Mais si c'est la joie pour eux?
2011-01-07


この記事にもあるが、箱根で活躍したランナーでのちにマラソンで名を馳せたのは瀬古と谷口くらいである。私はあまり熱心にマラソンをみるほうではないが、男子マラソンで活躍する選手と、箱根で活躍した選手との名前が一致しないなあとは感じていた。箱根で決死の走りを見せた選手ほど、それで選手生命を燃やしつくしているからなのだ。
大学にとっては箱根駅伝出場はまたとない大学の広報宣伝の場である。大学名が長時間テレビで放映される。アナウンサーに連呼される。東洋大などは柏原選手の活躍のおかげで入学志願者が1万人以上増えたという。したがって、そこでは莫大な予算がつぎ込まれている。駅伝選手は、大学の存続をかけた宣伝の場で、足と命をすり減らして走るのである。記事は、あまりにも巨大な規模の一大イベントになってしまったせいで、世界へ羽ばたく選手の育成という目的を果たせなくなり陸上競技としてはその意味で機能しなくなっている箱根駅伝を嘆いている。
それでも、箱根駅伝が観るスポーツとして群を抜いて面白いものであることには違いなく、私の周囲でも、普段は何もスポーツ観戦をしない人でもお正月の箱根だけは観るという人が多いから、その人気の高さは凄まじい。
走る、ということの面白さや爽快さは、走らない者にはあまりピンとこない。
まだ中2の時だったか、ウチのさなぎの散らかった机の上に、キョーカから渡されたらしき、紙を折り畳んでつくった手紙があるのを見た。どれどれと、さささっと、中を見た。
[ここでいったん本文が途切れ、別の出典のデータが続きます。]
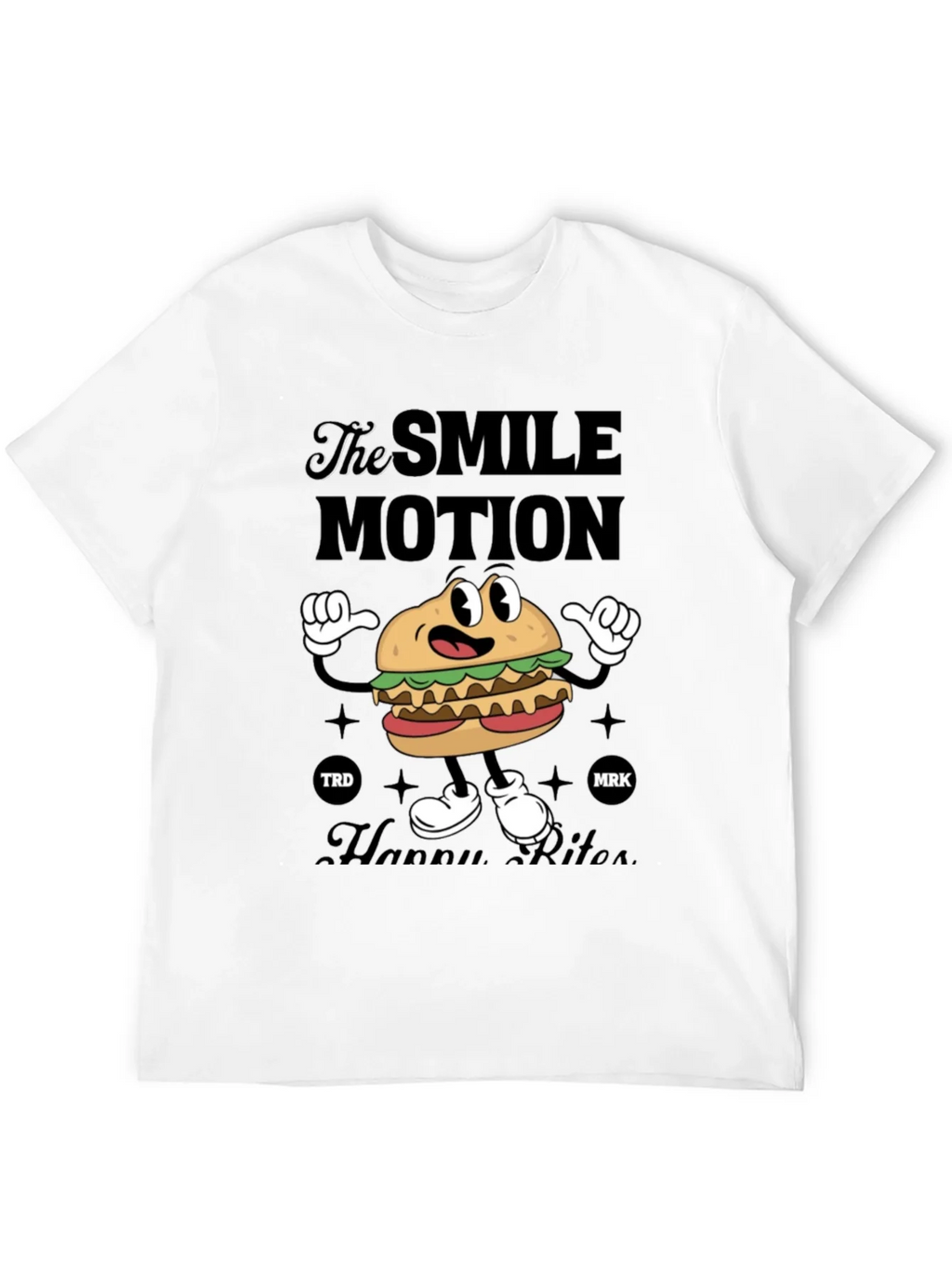 Smile Motion Cartoon Burger T-Shirt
「ウチが走るようになったんは、さなぎのおかげやねん。5年生のとき、先生が集めてた小学校駅伝のメンバーに、キョーちゃん一緒に入ろって誘ってくれたんは、さなぎやった。あの時さなぎに手を引っ張られへんかったら、今、ウチは陸部にいいひん。こんなに走るの好きになってへん。ありがとう、さなぎ。これからもずっと一緒に走ろうな」
だいぶはしょったが(それに記憶違いもあると思うが)、だいたいこのような内容だった。キョーカがこの先、立派な選手になってもならなくても、彼女がそんなにも走る喜びを知り、目標を持ち、ひたむきに頑張るのなら、そうした時間と思い出を共有できたさなぎはどんなに幸せ者であろうか。キョーカを陸上へ「導いた」(笑)者のひとりとして誇らしく思うことすらできる。
もはや箱根駅伝が、あまりクリーンでないお金が動くようなそんな営利事業に落ちぶれているのだとしても、現実に選手はあの道を走っている。彼らは幸せに違いないのだ、たとえそこで、大学の名のもとに、力尽きようとも。
世界に羽ばたくマラソンランナーが背負うのが日本という母国の名だとしたら、箱根駅伝のランナーは母校の名と友情を背負っているのである。そこにそんなに違いがあるとは思えない。箱根駅伝が大会・大学関係者を大きな金の動きで潤す構造は、オリンピックのそれとたいして変わらないと思うがどうであろうか。